The core promoters contain:
• the BRE (B recognition element), to which TFIIB (transcription factor 2B) binds;
• the TATA box, to which the TBP (tata binding protein) binds;
• the Inr (initiator element/motif), to which the TAF1/2 (TATA-box binding protein associated
factor ½) binds;
• MTE (motif ten element);
• DPE (downstream promoter element), to which TAF6/9 binds
• DCE (downstream core element) to which TAF1 binds
“Junk” DNA
“Junk” DNA mostly refers to transposons/transposable elements, which are important for the
structural integrity. About 45% of the human genome is build of transposable elements, but less than
0.05% is active. The most abundant are the Alu elements (making up 10% of the human genome).
, The Epigenome
The most extreme example of the effect of
epigenetic modification on gene expression is
X-inactivation. DNA methylation is the process
in which a methyl group is placed on the C
base (which is followed by a G base). This
leads to imprinting and thus inactivation.

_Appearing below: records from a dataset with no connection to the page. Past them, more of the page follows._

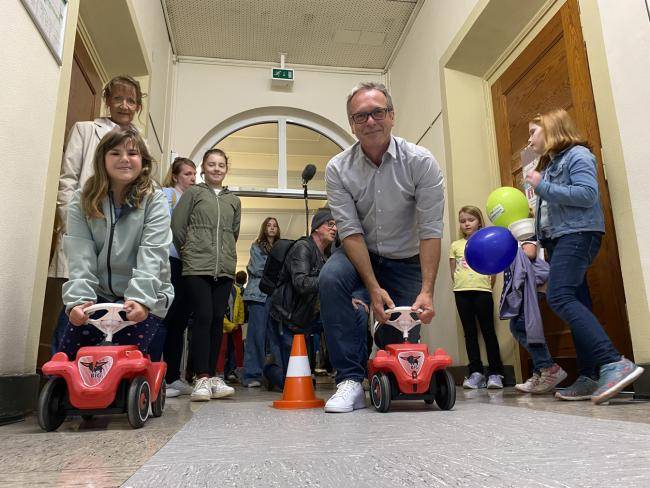 Bürgermeister André Dora beim Bobbycarrennen im Rathaus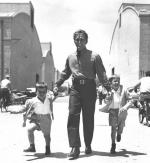 Кирк Дуглас: 416x450 / 35 Кб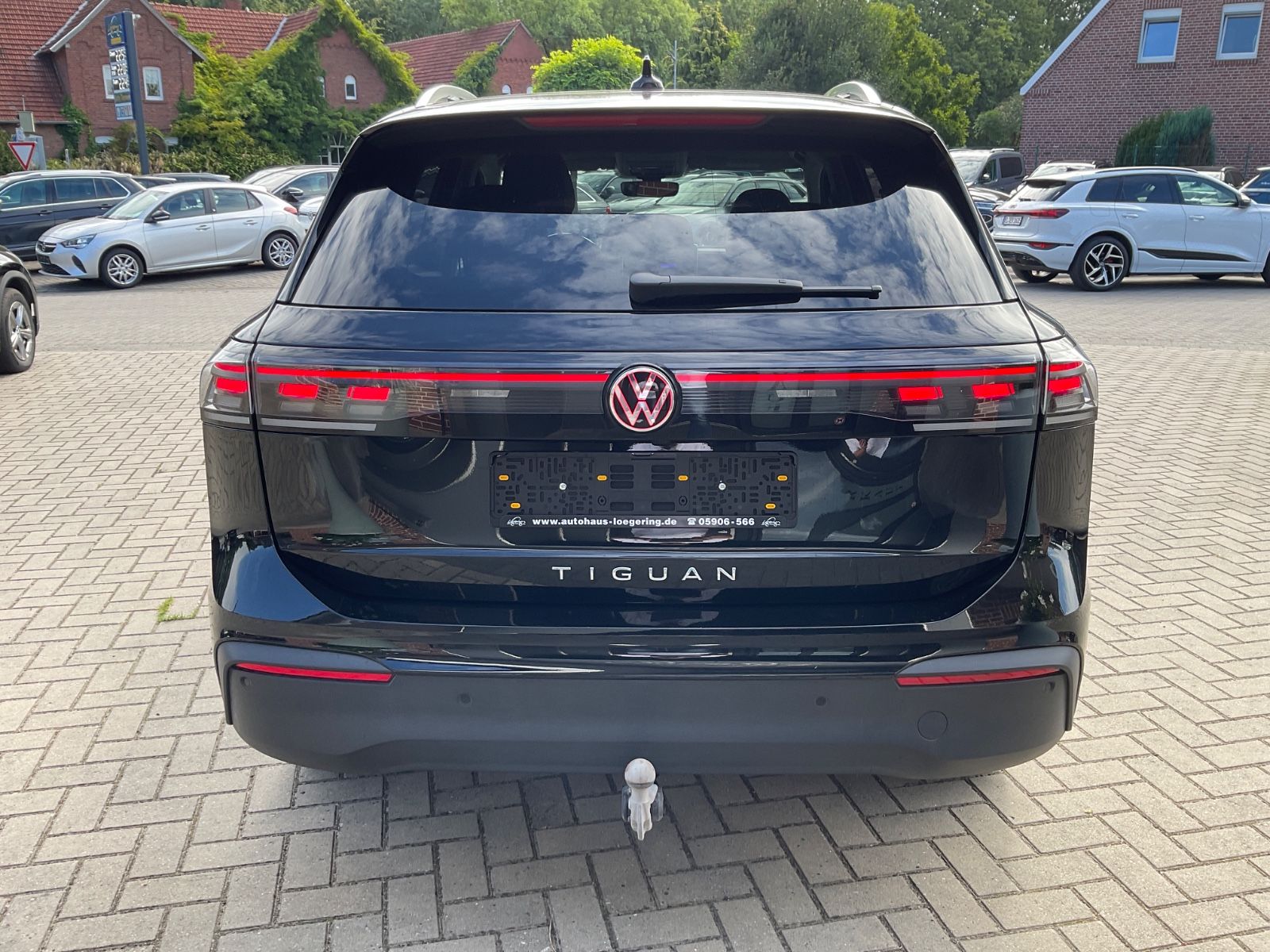 Fahrzeugabbildung Volkswagen Tiguan 2.0 TDI ENERGY,AHK,Navi,IQLight,Kamera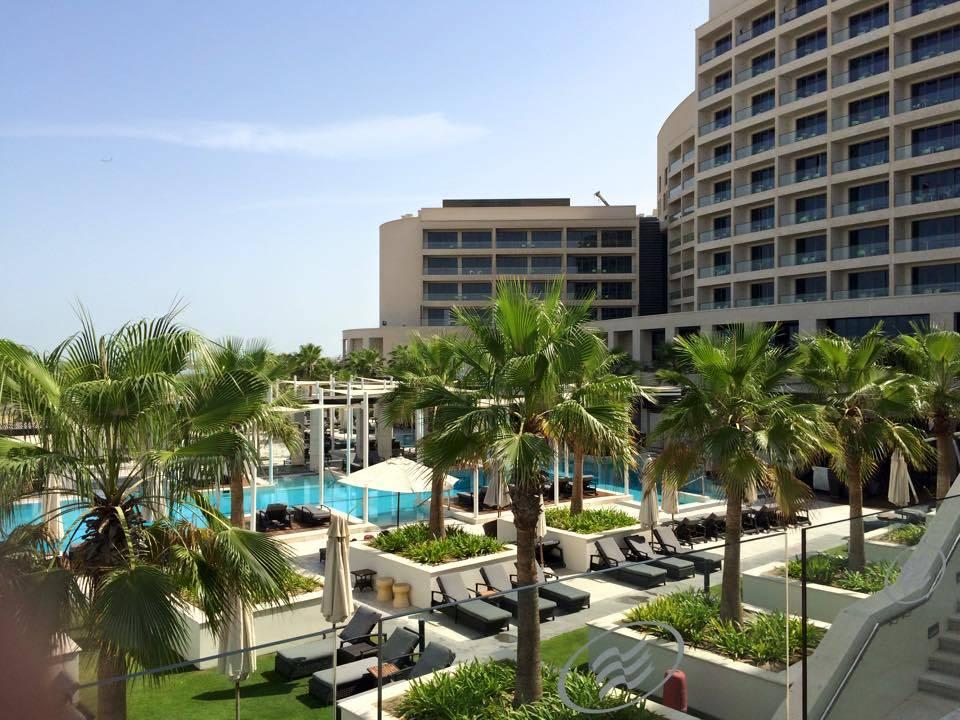 Pool Crowne Plaza Hotel Yas Island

During spermatogenesis, the old imprints are
erased and new, sex-specific imprints are
made.
Genomic imprinting is essential for normal
development, so a deregulation in this
process results in complex genetic diseases
such as Prader-Willi and Angelman
syndrome, which are both caused by a
deletion of the 15q11-13 region. There are
about 100 imprinted genetic loci.
Angelman syndrome is caused by a maternal
deletion, leading to loss of the maternal
gene expression and PW syndrome is caused
by a paternal deletion, leading to loss of the
paternal gene expression.
Angelman syndrome leads to an intellectual disability, random laughing, ataxia, no speech, epilepsy,
a typical face and friendliness. PWS leads to hypotonia and feeding problems in newborns and
obesity, lack of growth, a mild intellectual disability, hypogonadism and behavioural problems in the
first decade of life.
Uniparental disomy, in which both members of a chromosome pair are inherited from one parent,
also leads to AS or PWS, depending on which parental chromosome pair was inherited (PWS for
maternal and AS for paternal).
Questions
Question 1: There are multiple regions in which the causative gene might reside. In one of the
regions, on chr18, a deletion of MIR122HG has been found. Argue based on Fig.1 what type of gene
this is and how it is processed.
It is an RNA coding gene and does not code for protein because the lines aren’t “thick” and the name
of the gene starts with MIR, indicating that it is a miRNA. HG stands for host gene. The gene codes
for hairpin MIR122 and MIR3591 after processing (happens through Drosha/Dicer).